Ralph Ruffell

Personal information
- Full name: Daniel Ralph Ruffell
- Date of birth: 3 October 1867
- Place of birth: Southampton, England
- Date of death: 3 October 1940 (aged 73)
- Place of death: Southampton, England
- Position(s): Goalkeeper

Senior career*
- Years: Team / Apps / (Gls)
- 1885–1894: Southampton St. Mary's / 0 / (0)

= Ralph Ruffell =

English footballer

Daniel Ralph Ruffell (3 October 1867 – 3 October 1940) was an English amateur footballer who played as a goalkeeper for Southampton St. Mary's from their inaugural fixture in November 1885 until 1894, including making six appearances in the FA Cup.

==Football career==
Ruffell was born in Southampton and was associated with St. Mary's Church; the St Mary's Church of England Young Men's Association decided to arrange a football match against Freemantle, which took place on 21 November 1885 on a pitch in Northlands Road, where the Hampshire Bowling Club was subsequently situated, close to the County Cricket Ground, with Ruffell playing in goal. The "Saints" won the match 5–1 with three goals from Ned Bromley and two from Arthur Fry; Freemantle's goal was an own goal when the ball came off a defender's legs after a corner.

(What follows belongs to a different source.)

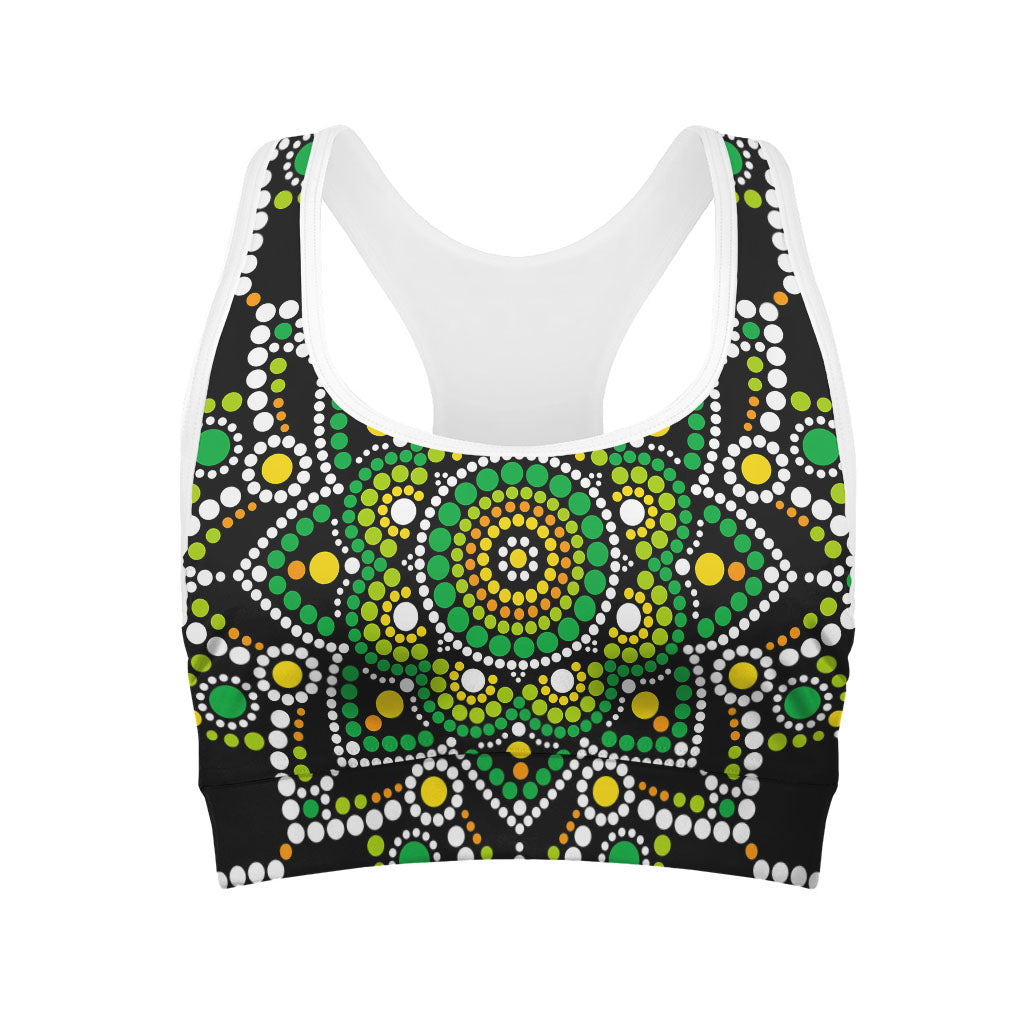 Green White Dot Mandala Print Women's Sports Bra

Ruffell remained with the "Saints" for nearly ten years and helped the club grow rapidly to participate in the Hampshire Junior Cup, which was won in 1888, 1889 and 1890, followed by the Hampshire Senior Cup (winners in 1891 and 1892, and losing finalists in 1893 and 1894), before participating in the FA Cup for the first time in 1891. Throughout this time Ruffell was the first-choice goalkeeper, and played in every cup match until October 1892.

In the FA Cup, the "Saints" reached the Second Qualifying Round for each of the three seasons from 1891–92 to 1893–94 with Ruffell in goal for all six matches. In the Hampshire Senior Cup final played on 10 March 1894, Ruffell sustained a dislocated knee cap in the 1–0 defeat by the Royal Engineers which ended his playing career, although he continued to make occasional reserve-team appearances.

==Later career==
Ruffell was employed as an engineer in Southampton Docks. He died in Southampton on his 73rd birthday, 3 October 1940.